Exercise prompt
Return exactly the lines from the one containing "Modeli i tatuazhit" through the end of the material below, and leave the images out.

The input
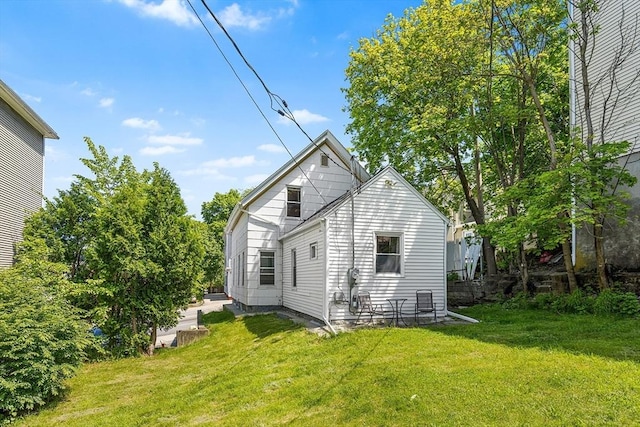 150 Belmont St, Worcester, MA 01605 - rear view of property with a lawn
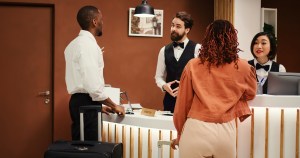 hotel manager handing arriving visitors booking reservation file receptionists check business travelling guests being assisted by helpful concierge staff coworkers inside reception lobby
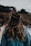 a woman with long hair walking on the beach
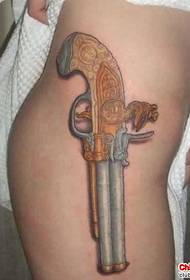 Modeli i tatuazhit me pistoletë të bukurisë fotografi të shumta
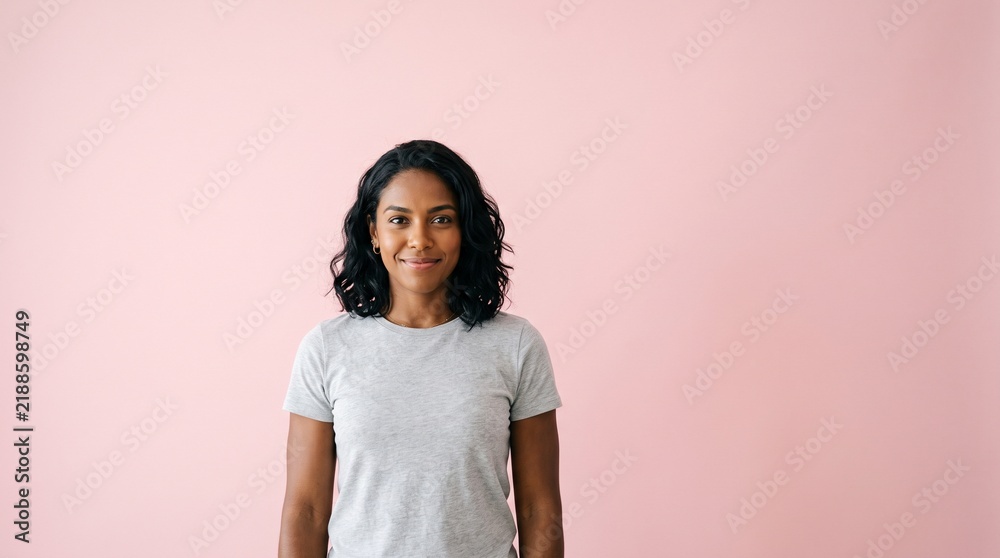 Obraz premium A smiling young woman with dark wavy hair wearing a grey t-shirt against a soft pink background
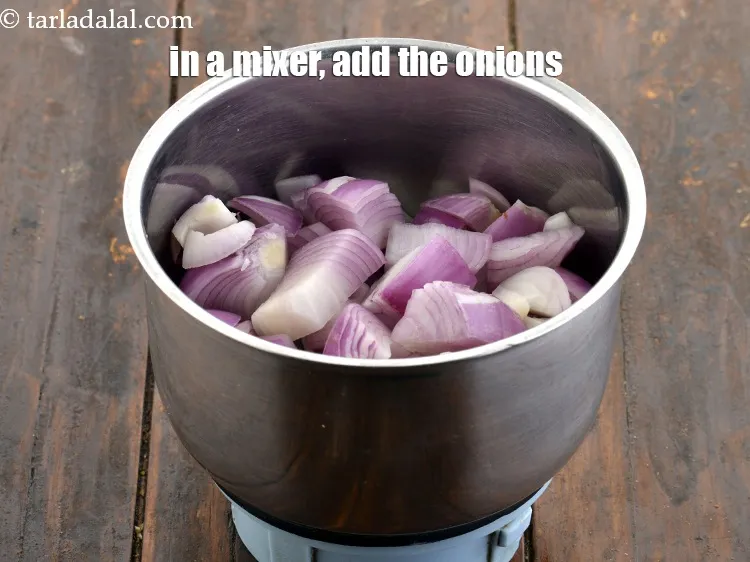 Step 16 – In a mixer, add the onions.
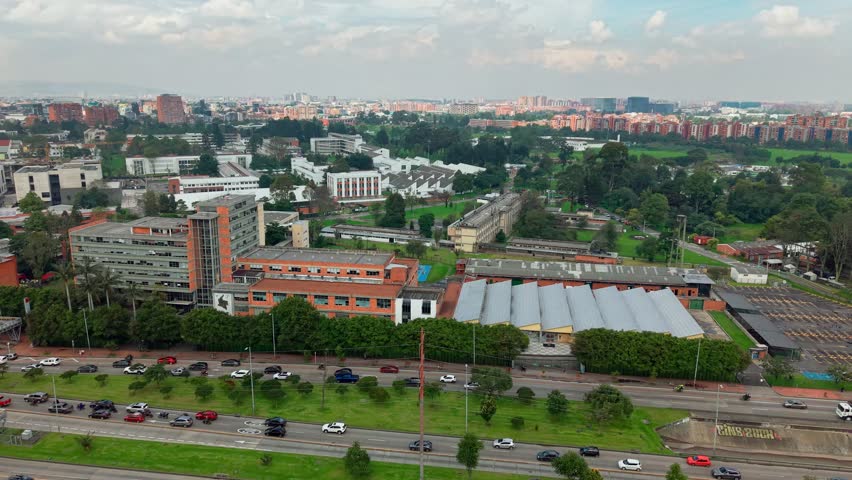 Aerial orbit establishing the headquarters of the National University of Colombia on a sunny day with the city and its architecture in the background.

Answer box
 Modeli i tatuazhit me pistoletë të bukurisë fotografi të shumta
 Obraz premium A smiling young woman with dark wavy hair wearing a grey t-shirt against a soft pink background
 Step 16 – In a mixer, add the onions.
 Aerial orbit establishing the headquarters of the National University of Colombia on a sunny day with the city and its architecture in the background.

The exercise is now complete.